→ TASK TO COMPLETE
Could you write out every record below exactly, leaving the pictures out?
#### DATA RECORDS
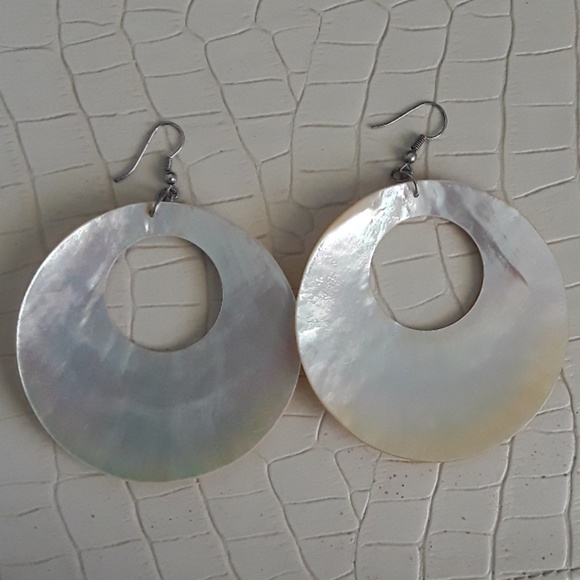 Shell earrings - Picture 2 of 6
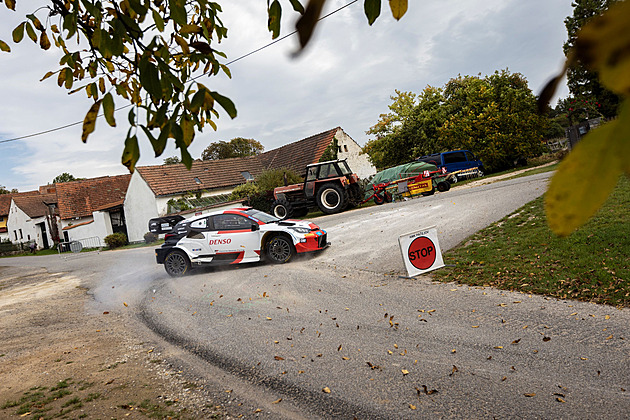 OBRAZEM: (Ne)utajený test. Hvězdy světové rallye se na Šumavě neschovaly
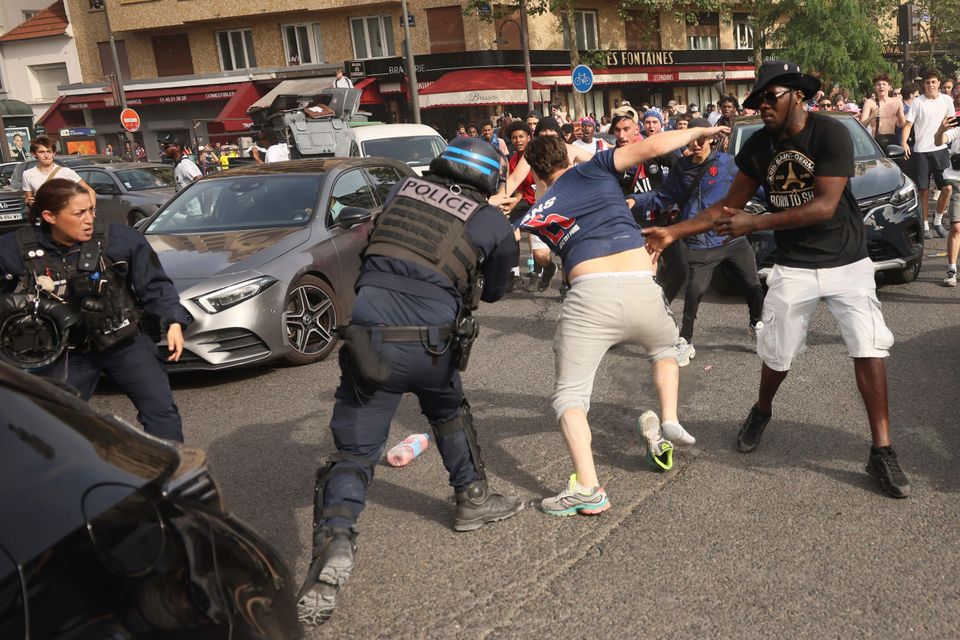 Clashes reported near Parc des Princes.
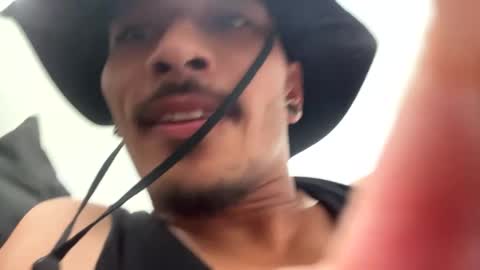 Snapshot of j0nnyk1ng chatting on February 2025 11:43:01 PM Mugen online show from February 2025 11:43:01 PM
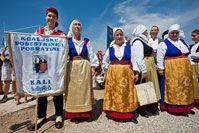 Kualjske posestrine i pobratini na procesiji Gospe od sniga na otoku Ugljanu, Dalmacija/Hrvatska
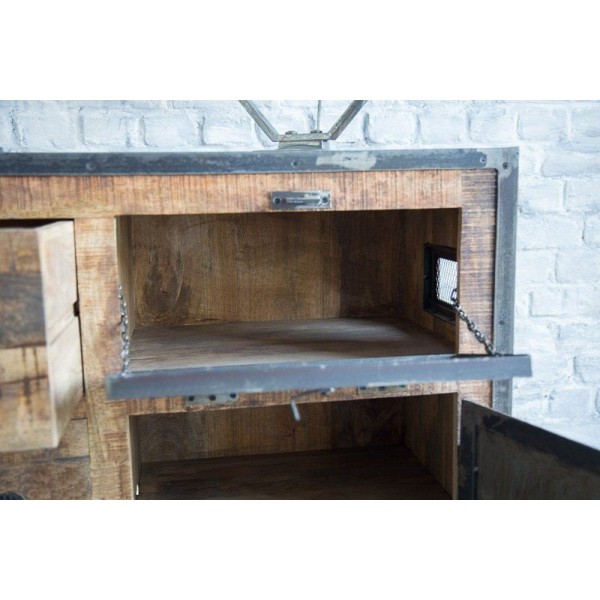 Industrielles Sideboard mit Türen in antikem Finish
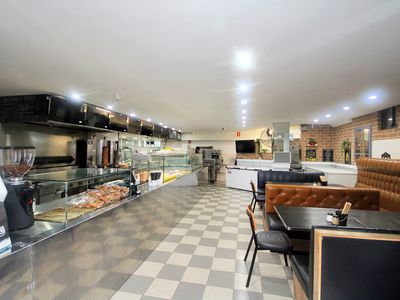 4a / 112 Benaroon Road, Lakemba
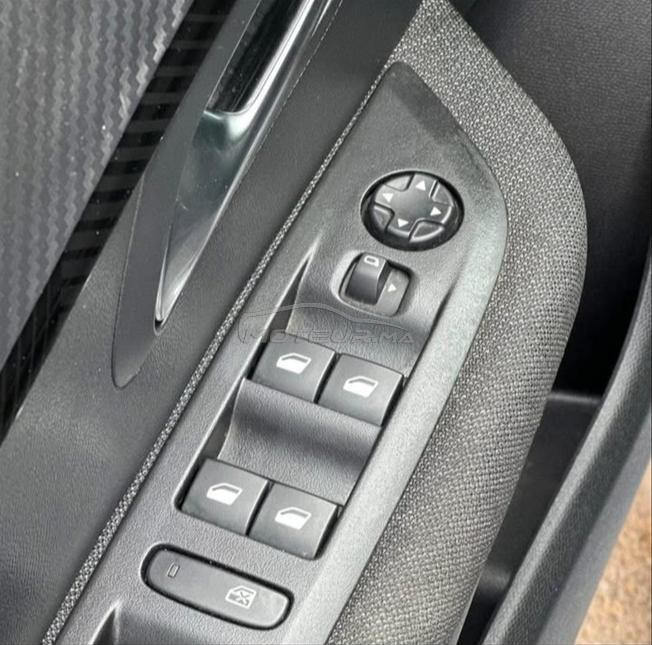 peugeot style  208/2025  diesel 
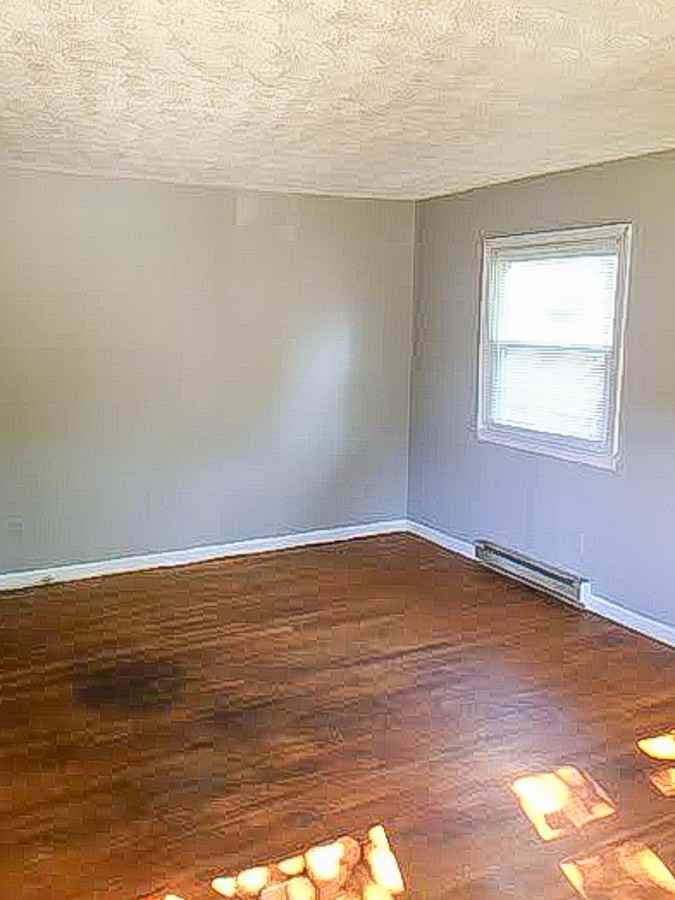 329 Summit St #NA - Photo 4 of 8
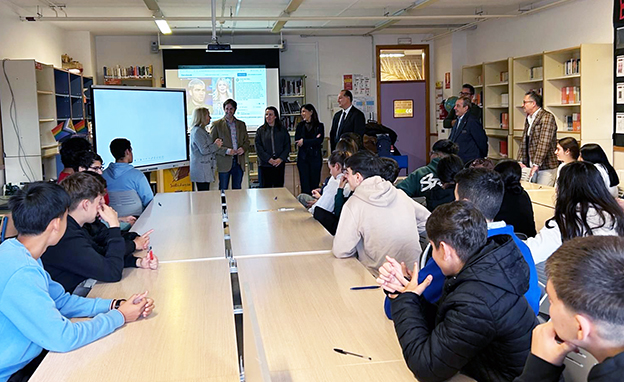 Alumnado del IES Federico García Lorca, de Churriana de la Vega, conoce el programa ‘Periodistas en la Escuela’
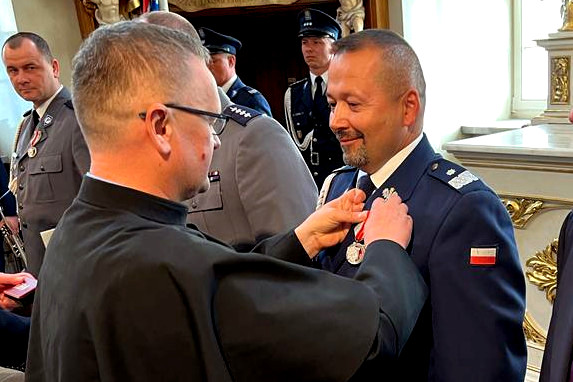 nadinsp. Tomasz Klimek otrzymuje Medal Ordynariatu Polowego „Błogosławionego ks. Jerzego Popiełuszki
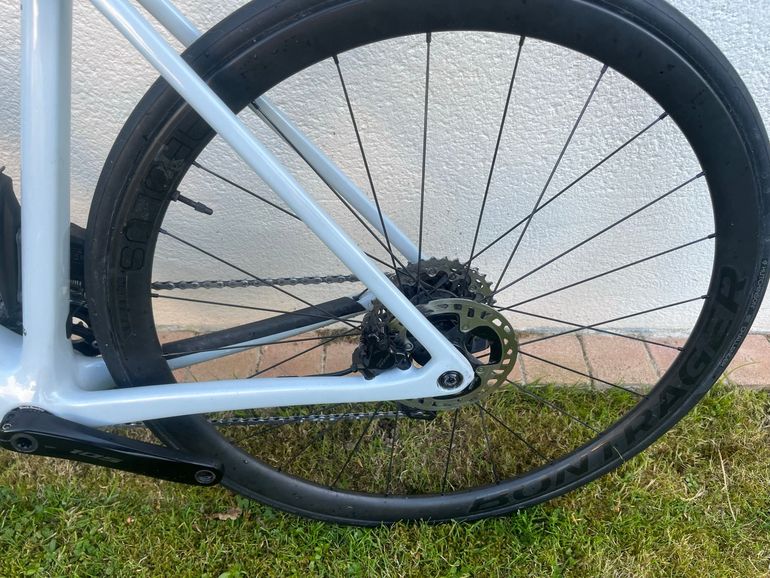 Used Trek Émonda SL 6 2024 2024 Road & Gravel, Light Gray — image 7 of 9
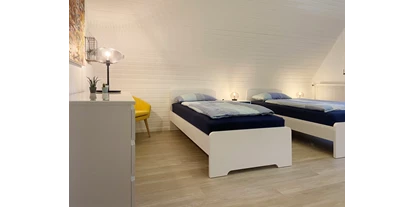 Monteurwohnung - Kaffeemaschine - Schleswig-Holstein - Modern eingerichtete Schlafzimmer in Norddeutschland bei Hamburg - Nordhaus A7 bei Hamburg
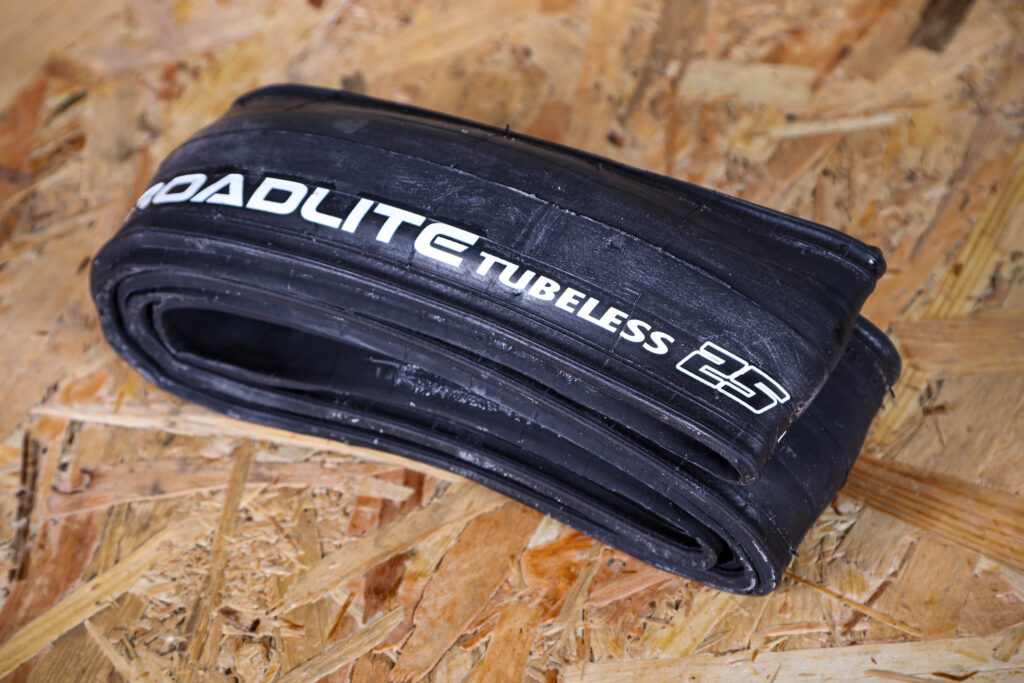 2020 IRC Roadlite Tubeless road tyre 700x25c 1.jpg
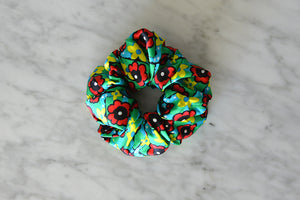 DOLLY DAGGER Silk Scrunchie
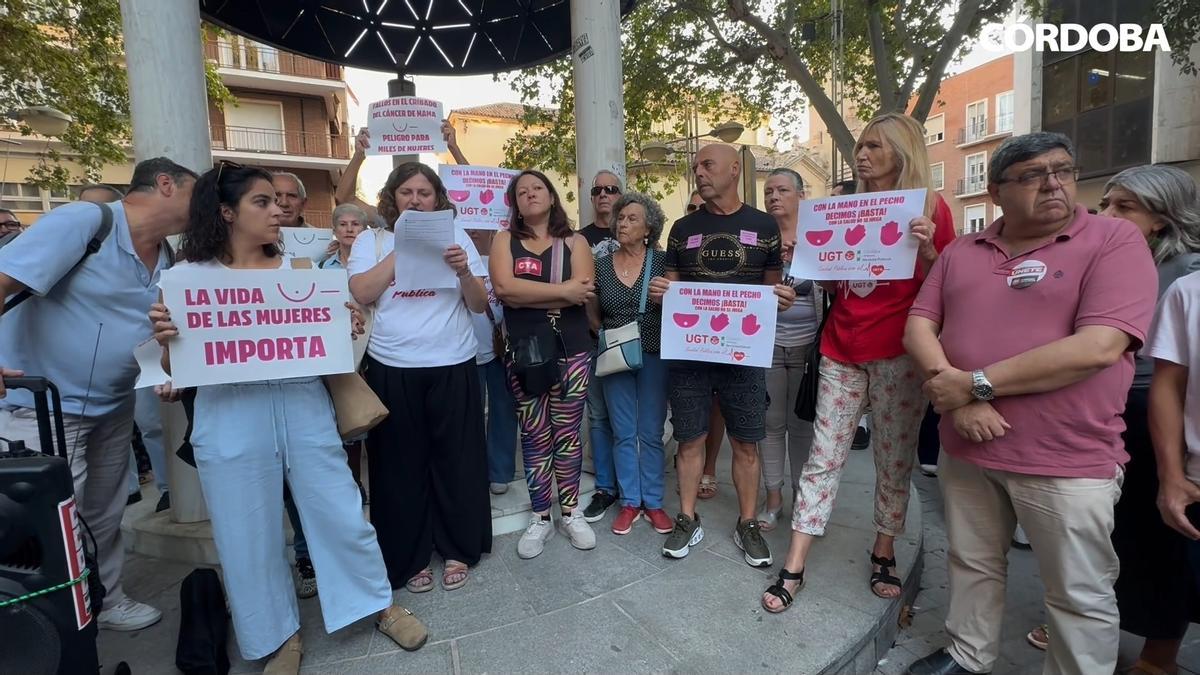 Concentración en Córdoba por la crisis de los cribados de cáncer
########
→ ANSWER SECTION
 Shell earrings - Picture 2 of 6
 OBRAZEM: (Ne)utajený test. Hvězdy světové rallye se na Šumavě neschovaly
 Clashes reported near Parc des Princes.
 Snapshot of j0nnyk1ng chatting on February 2025 11:43:01 PM Mugen online show from February 2025 11:43:01 PM
 Kualjske posestrine i pobratini na procesiji Gospe od sniga na otoku Ugljanu, Dalmacija/Hrvatska
 Industrielles Sideboard mit Türen in antikem Finish
 4a / 112 Benaroon Road, Lakemba
 peugeot style  208/2025  diesel 
 329 Summit St #NA - Photo 4 of 8
 Alumnado del IES Federico García Lorca, de Churriana de la Vega, conoce el programa ‘Periodistas en la Escuela’
 nadinsp. Tomasz Klimek otrzymuje Medal Ordynariatu Polowego „Błogosławionego ks. Jerzego Popiełuszki
 Used Trek Émonda SL 6 2024 2024 Road & Gravel, Light Gray — image 7 of 9
 Monteurwohnung - Kaffeemaschine - Schleswig-Holstein - Modern eingerichtete Schlafzimmer in Norddeutschland bei Hamburg - Nordhaus A7 bei Hamburg
 2020 IRC Roadlite Tubeless road tyre 700x25c 1.jpg
 DOLLY DAGGER Silk Scrunchie
 Concentración en Córdoba por la crisis de los cribados de cáncer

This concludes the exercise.